Tales from the Reading Room

September 30, 2010

Orwell’s 1984

Filed under: Books,Culture,Literature,Reading,Review — litlove @ 12:31 pm

Throughout my reading of 1984 I couldn’t help but remember what the real 1984 had been like. It was so completely, diametrically opposed to Orwell’s terrifying vision. In 1984 the novel, the populace is maintained on the brink of poverty and want, their lives dedicated whether they want it or not, to upholding the ideology of a totalitarian state that has systematically removed all trace of truth, love and beauty from its culture. In 1984 the reality, the western world was gearing up to a new generation of greed, of delicious excessive consumption and ostentatious wealth. It was all about fun and freedom and shopping and entertainment.  Every time Winston Smith cast a fearful glance at his telescreen, I couldn’t help but overlay its stream of propaganda with a series of hits by Prince and Madonna. The ugly utilitarian overalls that the characters in the book wear, tied at the waist by a piece of string, were replaced in my imagination by the power dressing suits of Yves Saint Laurent and Gucci. In 1984 everyone, apart from the ruling few, is imprisoned in their own life, refused all possibility of personal choice. In 1984, the religion of personal entitlement was just beginning to take off.

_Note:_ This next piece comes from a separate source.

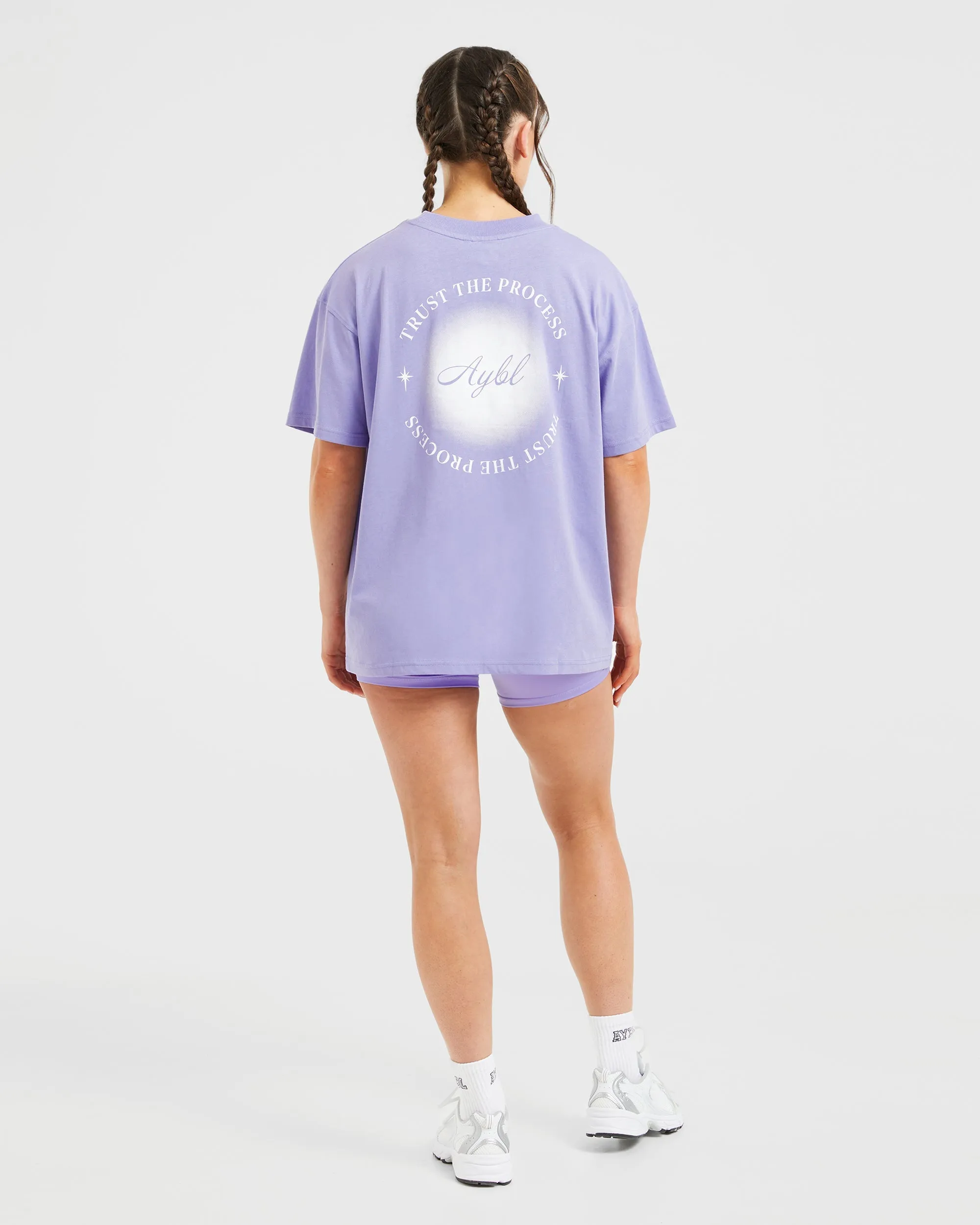 Manifest Oversized T Shirt - Purple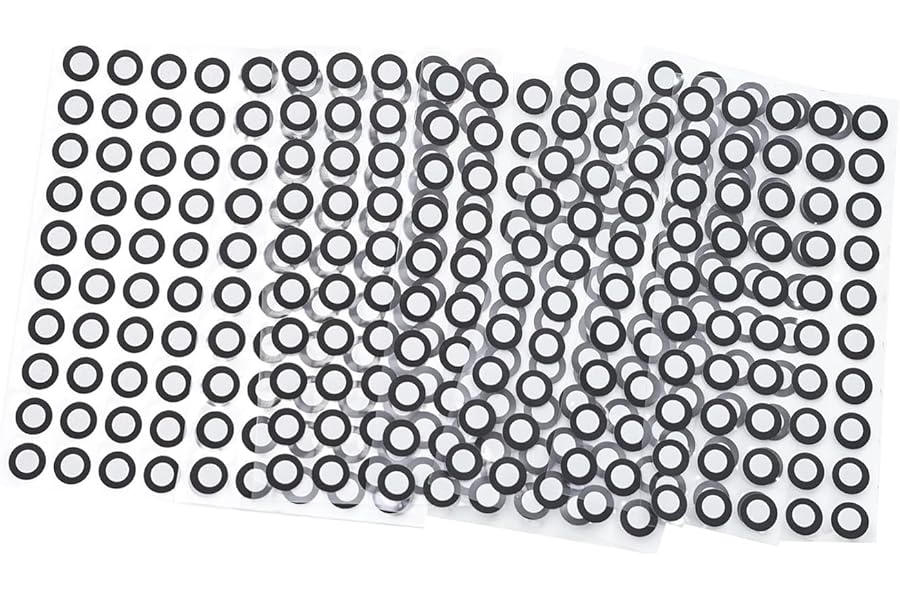 Revopoint 20 Sheets of 1000 Points 6.0 mm 3D Scanner Marker Points for 3D Scanners, 3D Scanning Marker Dot Stickers, High Reflective Target Accurate Scanning Dots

Only one part of the novel’s vision came true: the ability for technology to be used as a form of constant vigilance over individual lives (although that wasn’t quite in place until the 90s). The internet, mobile phones, credit cards, satellite navigation, all these are ways in which we are open to continuous monitoring, without our really thinking too much about it. Technology had the genius insight of coupling up with consumerism and our desire to be cool, in communication and distracted from the tedious business of living. Given that Orwell wrote 1984 in 1949, when he was dying of consumption and Britain (at least) was crumbling under the debts of a war it was supposed to have won, it’s probably not surprising that he didn’t take account of how important it would be to people to have fun and to base their self-esteem in what they possessed. Instead Orwell was seriously concerned that Communism would become the dominant political ideology and that it would have fearful consequences. Orwell himself favoured democratic socialism, but having fought in the Spanish Civil War, he disliked what happened to potentially decent principles when they were in the hands of totalitarian thinkers.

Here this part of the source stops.